JSE-listed industrial metals and mining group Afrimat has decried the slow pace of final regulatory approval for its acquisition of Lafarge, describing the process as frustrating.
Afrimat announced in June that it was buying 100% of Lafarge SA and its subsidiaries, collectively known as the LSA Group, which is owned by a subsidiary of Swiss-French multinational building materials manufacturer Holcim Group, for nearly R1bn.
The merger, touted by analysts as the “deal of the century”, will give Afrimat access to some of the best assets in the SA construction industry, amid a lift in demand, at a discounted price. This will allow the company valued at about R10bn on the JSE to enhance operational efficiency and meet customer demand.
Delivering a pre-close update on Friday, CEO Andries van Heerden said the regulatory hurdles associated with acquiring Lafarge were in their last phase, yet stalling.

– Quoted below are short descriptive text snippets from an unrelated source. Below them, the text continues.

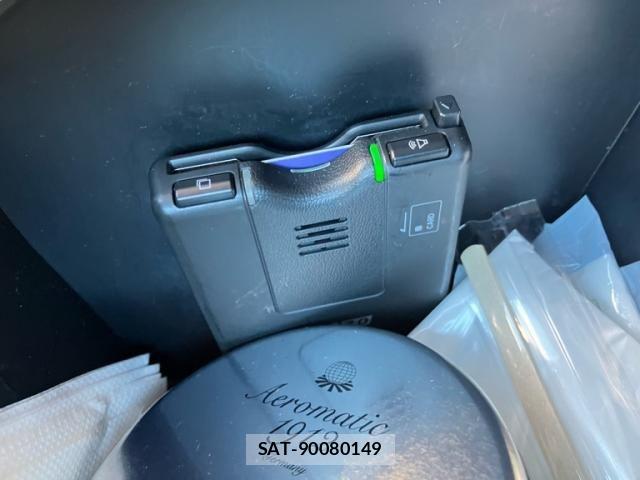 Toyota HILUX TRUCK 2022-09 8829403-21
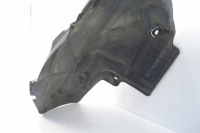 фото thumb №5, Підкрилок праве задня ford mondeo mk3 1s71-f278b50af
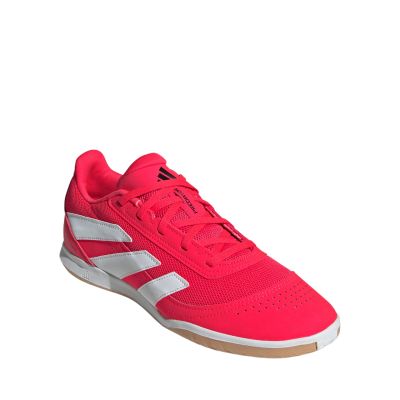 14. Adidas Predator Club IN Sala M ID3792 football boots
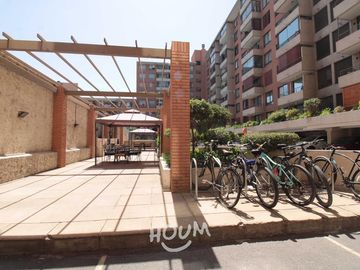 Departamento Yungay ID: 149661s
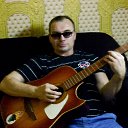 ���� Sergei, ������ - ��������� 18 ������ 2016 � ������ ���� ����������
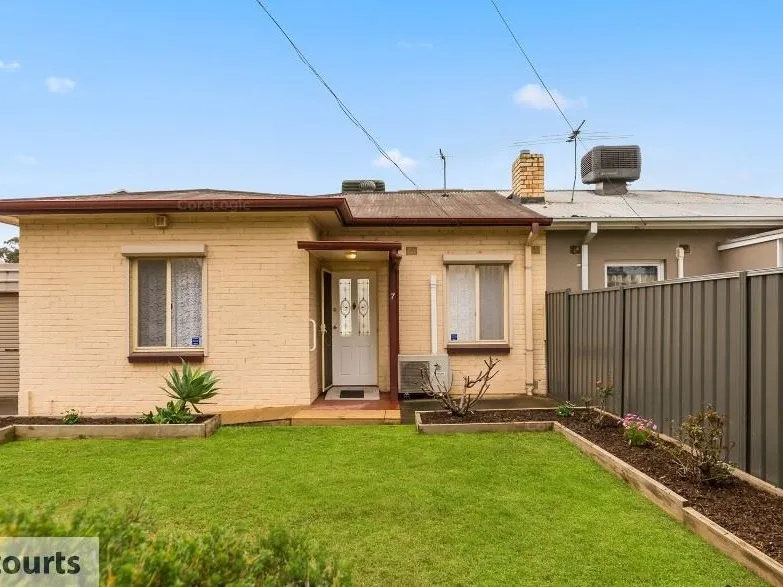 3 Bedroom Home with Solar Rebates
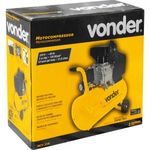 caixa-do-Motocompressor-de-ar-80-pcm-216-litros-220-V-MCV216-VONDER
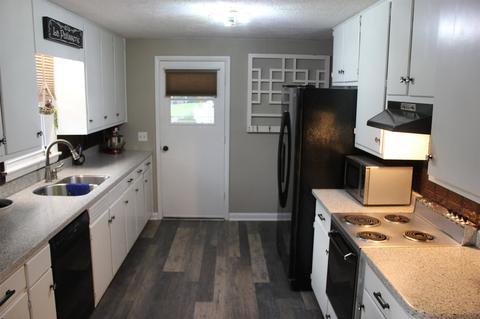 955 Brames Rd, Jasper, IN 47546 photo 7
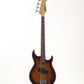 [SN 108653] USED YAMAHA / BB-VIS BS Brown Sunburst [09]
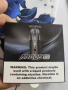 Продавам Вейп Argos , снимка 1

After receiving approval from the financial surveillance department of the Reserve Bank in July, followed by the green light from the Botswana and Eswatini competition authorities in August and consent from the mineral resources and energy minister in October, the group is facing one last hurdle to complete the acquisition.

Afrimat needs approval from the Competition Tribunal, after the Competition Commission conditionally gave the merger the go ahead.
“The [commission’s] conditions are acceptable to us — we can work with them,” said the CEO, but lamented that the tribunal has had to investigate claims made by “opportunists”.
Despite the commission’s recommendation, the tribunal decided to hold a preliminary public hearing in December. Three interested parties eventually joined the matter.
On Friday, Van Heerden said the delays were a stumbling block for Afrimat’s strategy but also put the livelihoods of Lafarge employees at risk.
“We’ve reached a very, very frustrating phase of the transaction,” he said. “There are a few opportunists that are trying to get some benefits for themselves in the process and it is highly frustrating and obviously a risk for the Lafarge employees because the business is not doing well at the moment and it desperately needs strong management to turn it around.”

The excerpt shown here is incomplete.